Source records
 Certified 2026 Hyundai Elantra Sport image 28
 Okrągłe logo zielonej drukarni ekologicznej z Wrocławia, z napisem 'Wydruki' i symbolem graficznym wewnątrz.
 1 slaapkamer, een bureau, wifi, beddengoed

* * *

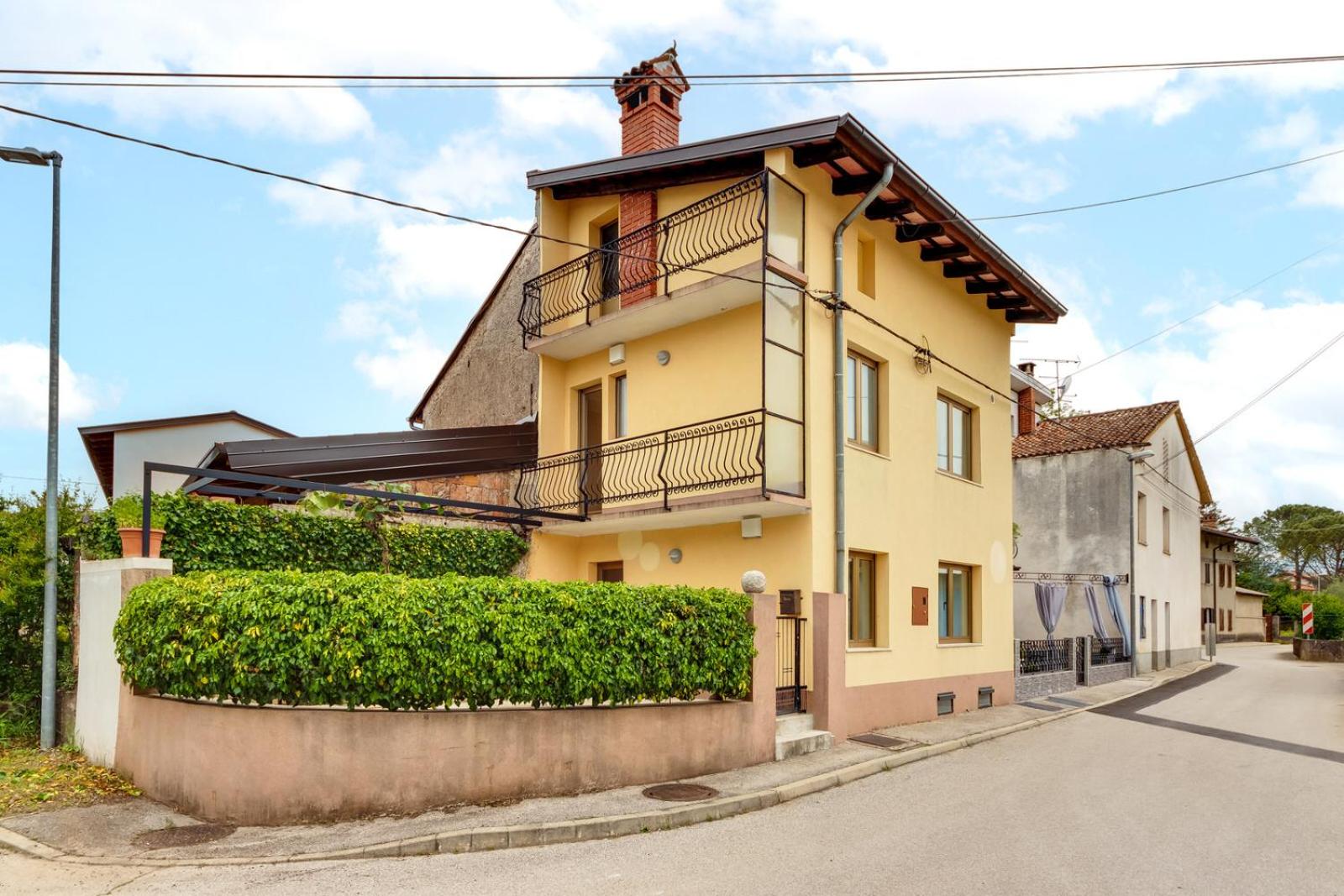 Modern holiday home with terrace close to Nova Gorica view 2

What you should do
Of all the entries above, output exactly the lines between the one holding "Certified 2026 Hyundai" and the one holding "1 slaapkamer, een bureau, wifi, beddengoed", inclusive.

Result
 Certified 2026 Hyundai Elantra Sport image 28
 Okrągłe logo zielonej drukarni ekologicznej z Wrocławia, z napisem 'Wydruki' i symbolem graficznym wewnątrz.
 1 slaapkamer, een bureau, wifi, beddengoed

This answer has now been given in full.